The manned atomic bomber, declares Paratrooper Gavin, will be out of business even before the intercontinental ballistic missile is on hand to replace it. Date for the bomber's "early obsolescence": the moment effective Russian "surface-to-air missiles carrying nuclear warheads are on the site in numbers." If such deterrent protection is to be retained, argues Gavin, "we will have to step up missile production so as to have, at an early date, an arsenal of combat-ready, mobile, intermediate and long-range missile systems."
Other targets at which Gavin fires:
EX-DEFENSE SECRETARY CHARLES E. WILSON. Gavin quotes an unnamed service chief on Wilson: "The most uninformed man, and the most determined to remain so." His "deception and duplicity," says Gavin, let him conceal slashes in combat-ready divisions by creating "Wilson" divisions out of paper groups of troops as far apart as Fort Benning, Ga. and the Panama Canal Zone. Wilson made good a foolish assurance to Congress that no additional soldiers were needed for Formosan defense, charges Gavin, by shipping groups over without shoulder patches.*
U.S. INDUSTRY. Industrial pressure, he charges, is partly responsible for "hundreds of millions of dollars being spent on obsolete weapons."
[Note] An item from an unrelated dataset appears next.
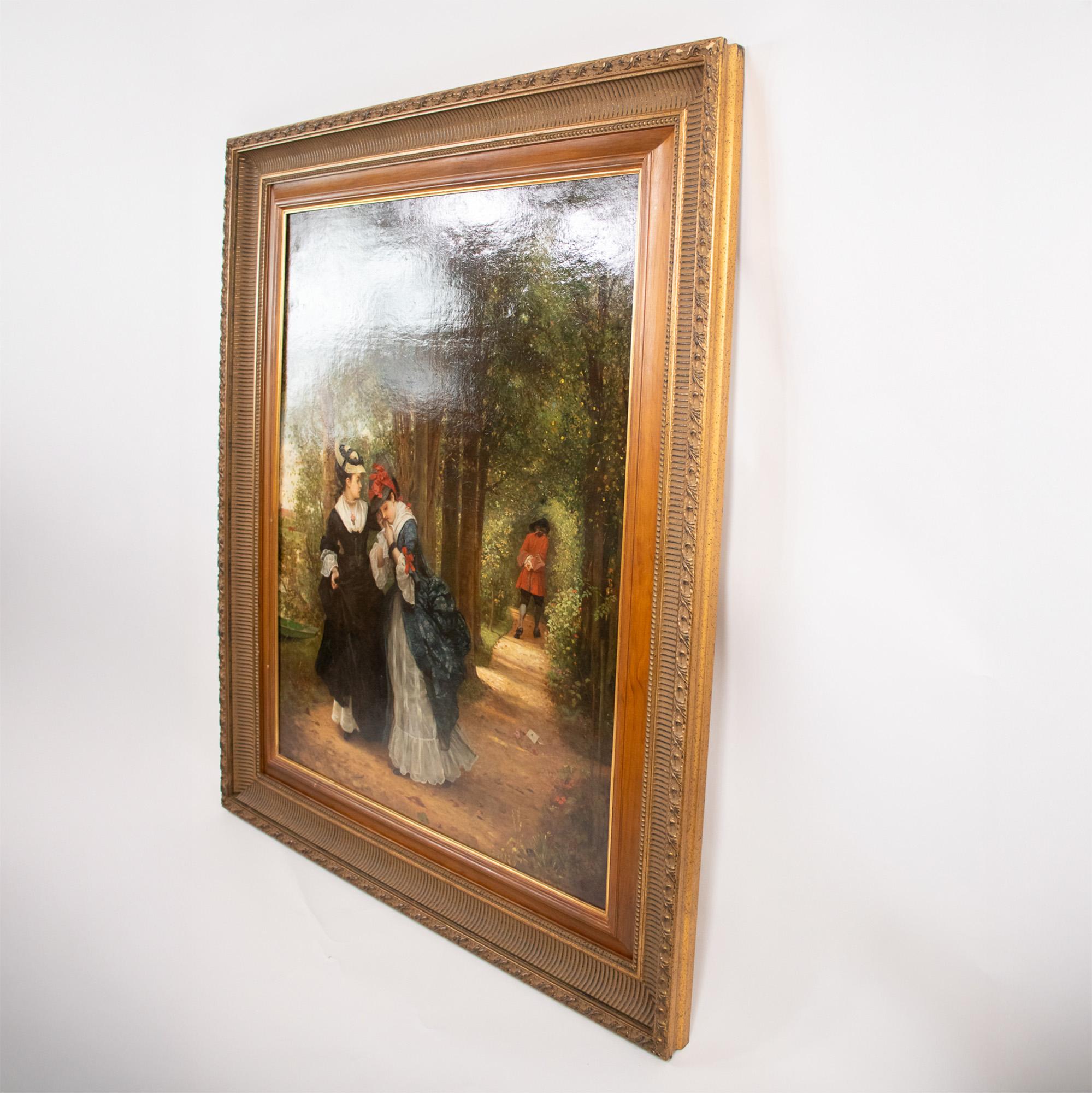 Large Late 19th Century Oil on Canvas attr. to George A. Storey (1834-1919) en vente 6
THE DEFENSE DEPARTMENT. The Defense Department civil servants who, more permanent in the Pentagon than either politically appointed Secretaries or rotated military career officers, pervert the decision-making machinery. Though he does not name Defense Comptroller Wilfred J. McNeil, Gavin bombs the fiscal officer in the Pentagon who often rejects projects without understanding of military needs.
THE PRESIDENT OF THE U.S. Dwight D. Eisenhower was "out of touch" with technological advances in weaponry, says Gavin, as far back as SHAPE days.